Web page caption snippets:
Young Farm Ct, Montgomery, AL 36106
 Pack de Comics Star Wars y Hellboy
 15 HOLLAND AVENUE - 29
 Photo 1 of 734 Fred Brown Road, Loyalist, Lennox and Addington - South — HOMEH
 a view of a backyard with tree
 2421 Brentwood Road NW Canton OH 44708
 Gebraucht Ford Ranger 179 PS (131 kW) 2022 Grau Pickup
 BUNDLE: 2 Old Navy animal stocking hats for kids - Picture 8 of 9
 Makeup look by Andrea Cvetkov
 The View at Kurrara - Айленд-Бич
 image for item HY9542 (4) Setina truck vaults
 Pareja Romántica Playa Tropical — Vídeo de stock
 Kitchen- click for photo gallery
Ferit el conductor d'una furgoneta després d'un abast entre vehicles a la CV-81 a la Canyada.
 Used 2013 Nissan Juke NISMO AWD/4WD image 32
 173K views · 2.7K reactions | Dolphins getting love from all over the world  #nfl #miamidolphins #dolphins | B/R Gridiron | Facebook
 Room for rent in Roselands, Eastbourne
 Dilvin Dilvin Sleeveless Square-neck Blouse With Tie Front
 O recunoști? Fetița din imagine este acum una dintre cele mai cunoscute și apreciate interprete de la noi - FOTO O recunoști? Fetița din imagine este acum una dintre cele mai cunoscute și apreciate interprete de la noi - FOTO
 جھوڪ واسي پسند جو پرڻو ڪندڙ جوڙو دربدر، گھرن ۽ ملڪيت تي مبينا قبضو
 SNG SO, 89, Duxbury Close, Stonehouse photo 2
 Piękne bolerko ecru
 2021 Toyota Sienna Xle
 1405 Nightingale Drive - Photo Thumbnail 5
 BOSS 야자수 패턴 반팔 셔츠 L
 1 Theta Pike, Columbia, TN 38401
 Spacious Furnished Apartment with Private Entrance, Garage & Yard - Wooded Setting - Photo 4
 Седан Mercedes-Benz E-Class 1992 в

Exercise prompt: Show me all lines in the records that contain "Road".

Response area:
 Photo 1 of 734 Fred Brown Road, Loyalist, Lennox and Addington - South — HOMEH
 2421 Brentwood Road NW Canton OH 44708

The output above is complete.